Upper die clamp 360 (FIG. 21) is actuated by an actuator 387c. Actuator 387c is connected to a wedge-shaped member 444 that forces upper clamp downwardly as wedge-shaped member 444 is forced forwardly. More specifically, a C-shaped die holding frame 445 (FIG. 21) includes an upper leg 446 (FIG. 22) and a lower leg 448. Embossing die 358 is position below upper leg 446, and a resilient bed 450 is positioned on lower leg 448. By extending wedge 444 between embossing die 358 and upper leg 446, die 358 is forced onto bed 450 thus embossing a tag 346 located therebetween.
It is noted that many of the above noted components can be purchased as separate components, such as the items shown in FIG. 33, or could be adapted from purchasable products by a person skilled in making this type of machinery. Still further, it is contemplated that many of the illustrated components can be replaced by substitute components. For example, it is contemplated that stapler mechanism 336 could be replaced by another stapler mechanism utilizing preformed staples, and tag advancing mechanism 334 could be replaced by another mechanism for advancing individual separate tags.
The operation of apparatus 320 is as follows. Lower jaw 328 is initially retracted by jaw open actuator 388c, and controller 338 is programmed as desired.

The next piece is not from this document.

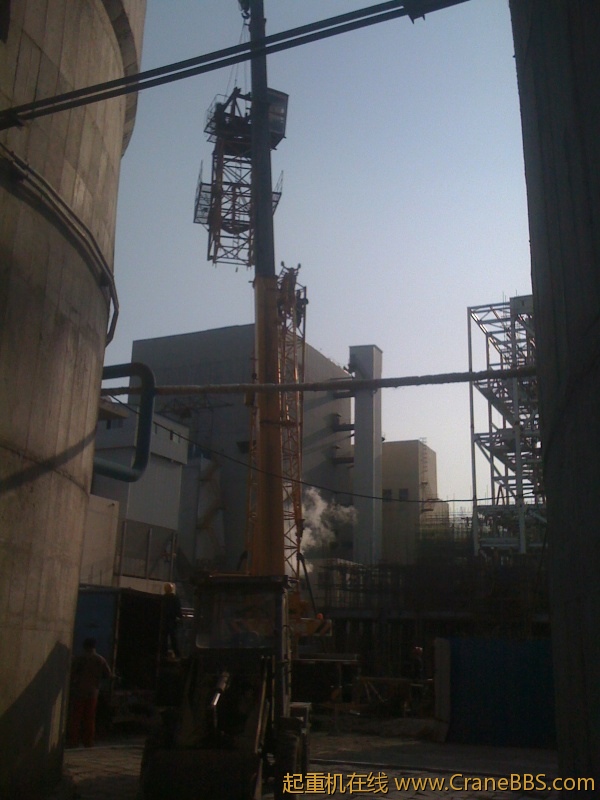 手机照片 7247.jpg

Also, the apparatus 320 is otherwise readied for use, such as by threading flexible strip supply 342 around strip advancing mechanism 332, threading staple wire supply 394 around stapler mechanism 336, and threading tag supply 348 around tag advancing mechanism 334.

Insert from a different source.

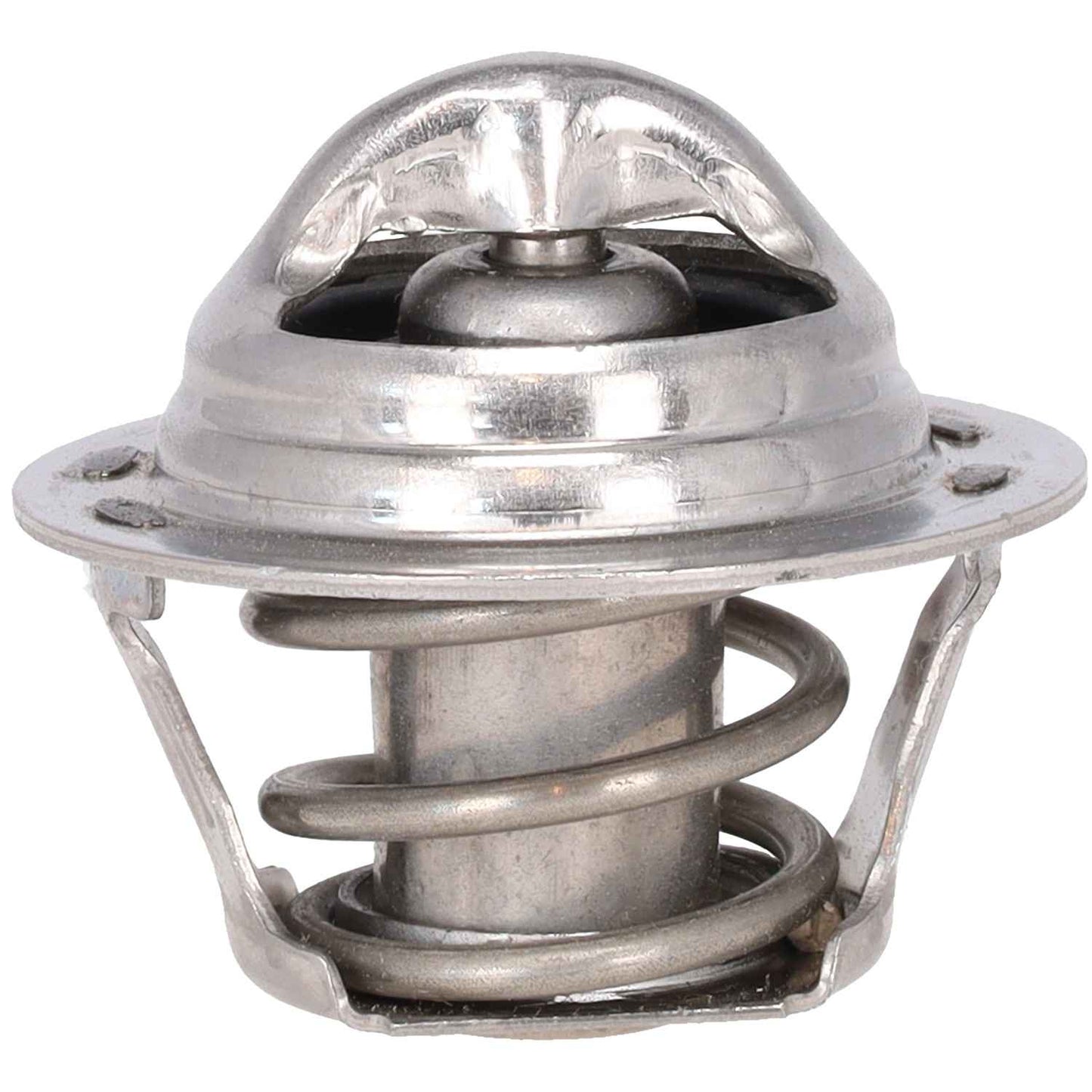 Motorad Engine Coolant Thermostat 5474-180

A plant branch 330 is positioned in surface 326a of upper jaw 326. Foot switch 339 is then actuated, which causes controller 338 to actuate strip indexer actuator 384c to advance strip 342, actuate wire feed actuator 385c to advance wire 394, and actuate tag indexer actuator 386c to advance tags 348. Thus, a section of flexible strip 340 extends around jaw surfaces 326a and 340b and around branch 330 to a position adjacent a tag 346. Stapler actuators 390c and 391c are actuated so that a staple 356 is cut from wire 394, is formed into an inverted U shape, and is stapled into items 340a, 346 and 340b to secure same together. Die clamp actuator 387c is also actuated to close embossing die 358 onto a "later" tag 346 and to operate tag cutter 350 to sever the tag 346 located in jaws 326/328 from tag supply 348. Jaw open actuator 388c is then actuated to release plant branch 330, which branch now is tagged by looped section 340 and tag 346.

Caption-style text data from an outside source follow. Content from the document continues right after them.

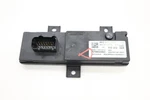 2020 2023 Audi E-tron High Voltage Battery Control Module Unit Oem 4KE915233D. Fixed Price $80.28.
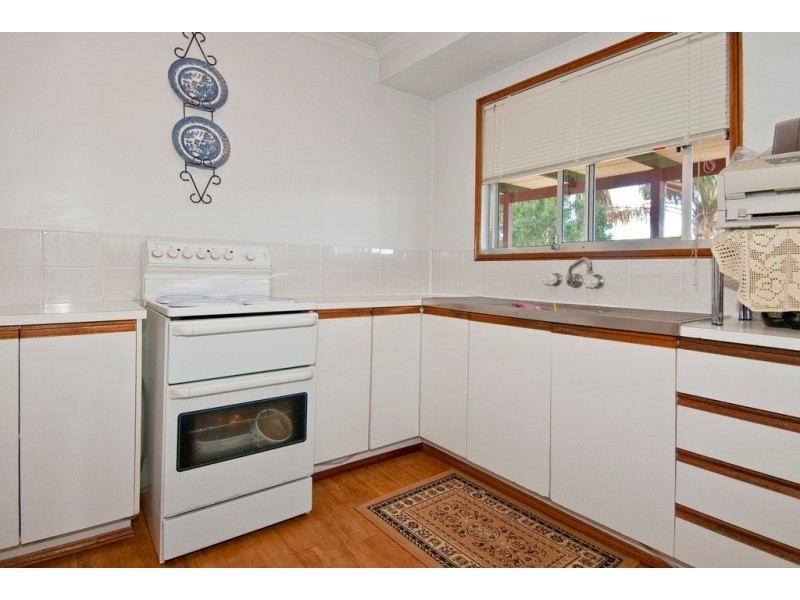 32 Dublin Drive, Eagleby QLD 4207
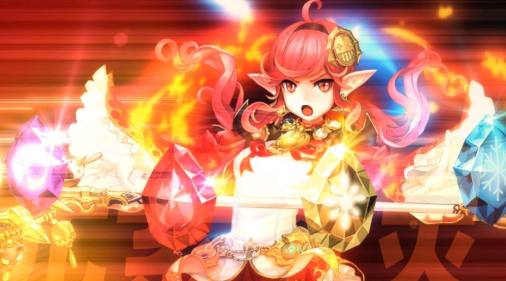 dnf如何开通心悦,dnf封三年心悦会员可以解吗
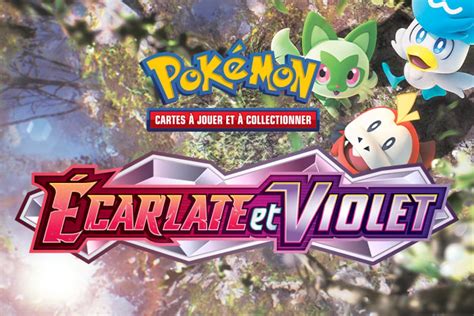 evolution leveinard pokemon ecarlate|Ptiravi Pokémon Écarlate et Violet : Comment lobtenir et le faire ...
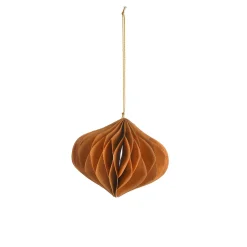 Depot Figuren & Formen^Deko-Anhänger Ornament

In the foregoing description it will be readily appreciated by a person skilled in the art that modifications may be made to the invention without departing from the concepts disclosed herein. Such modifications are to be considered as included in the following claims unless these claims by their language expressly state otherwise. The scope of the invention is intended to be limited only by the scope of the appended claims as interpreted according to the principles of patent law including the Doctrine of Equivalents.